I liked his book as his climate (originally NC now VA) was the closest to mine (SE PA) and he was what I guess would be a 'sideliner' (ran I *think* 200 pollination hives). His design is fairly deep, but I think narrow enough (at bottom) that it possibly reduces the risk of comb breakage (these are assumptions on my part). I also decided early on I didn't like any tbh with the entrances in the middle of the sides. He used shaped end boards (He suggests making a wooden template for making all your hives).

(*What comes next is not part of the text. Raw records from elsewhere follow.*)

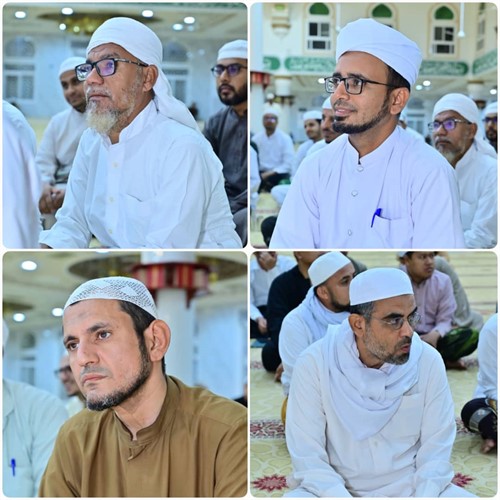 اللقاء الأول لخريجي جامعة الأحقاف 4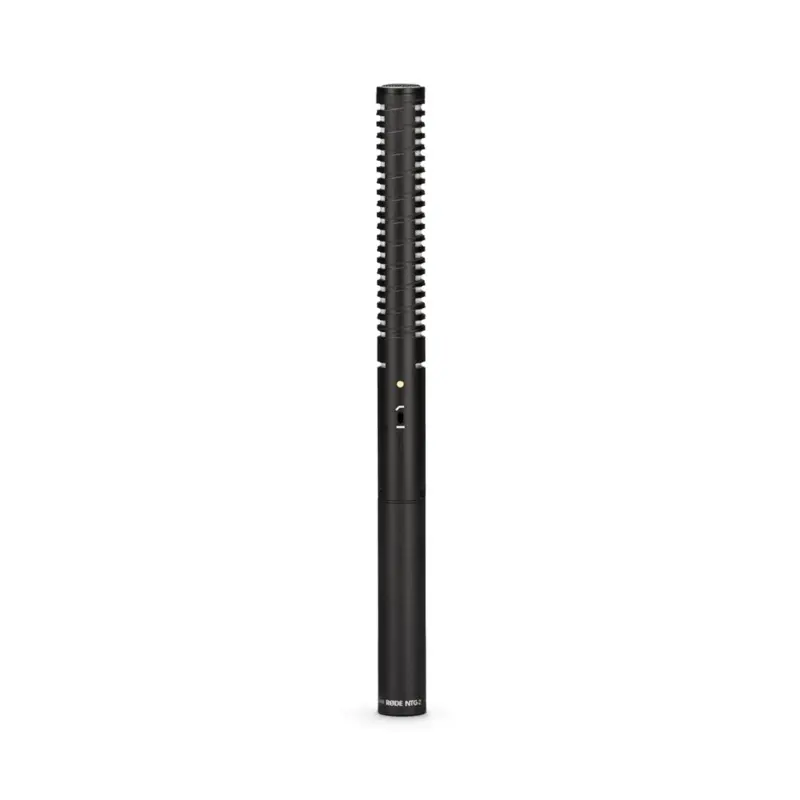 Rode NTG2 Dual-Power Shotgun Microphone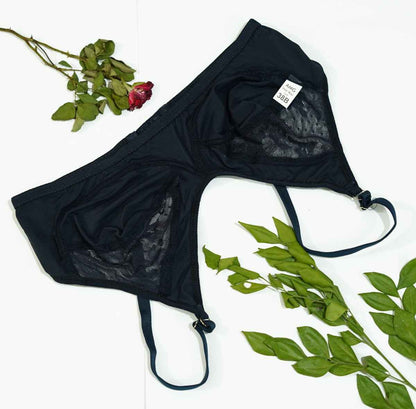 Pack of 2 Silk Half Net Bra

I'm pulling this from memory: The top of the end is 17.5 inches (where the bars cross is 17 inches across), the bottom 9 inches and the sides 12 inches. For you in the south, with higher temps (so more chance of comb breakage), you might want a wide but shallower design). But there's tons of designs and anecdotal evidence suggests a Tanzanian style hive has no more chance of side attachment. So choose a design and go with it.


----------



## onestory (May 30, 2016)

" I also decided early on I didn't like any tbh with the entrances in the middle of the sides."

Please explain why.


----------



## crmauch (Mar 3, 2016)

onestory said:


> " I also decided early on I didn't like any tbh with the entrances in the middle of the sides."
> 
> Please explain why.


First all the caveat: I don't yet have any experience, and thus this is all my opinion. Take it for what its worth. When and if I get actual experience, my opinions may change. 

This also may not apply as much to you as you are in the deep south.

My reasoning:
For winter, the colony will go into a cluster. To survive the cluster must be in contact with honey (or food stores). During the winter, the cluster will naturally start at the brood nest, and move along the honey stores. Any gaps in honey stores will spell the death of the colony. If the cluster gets to the end of the hive, it cannot reverse direction or move back to where there are other honey stores.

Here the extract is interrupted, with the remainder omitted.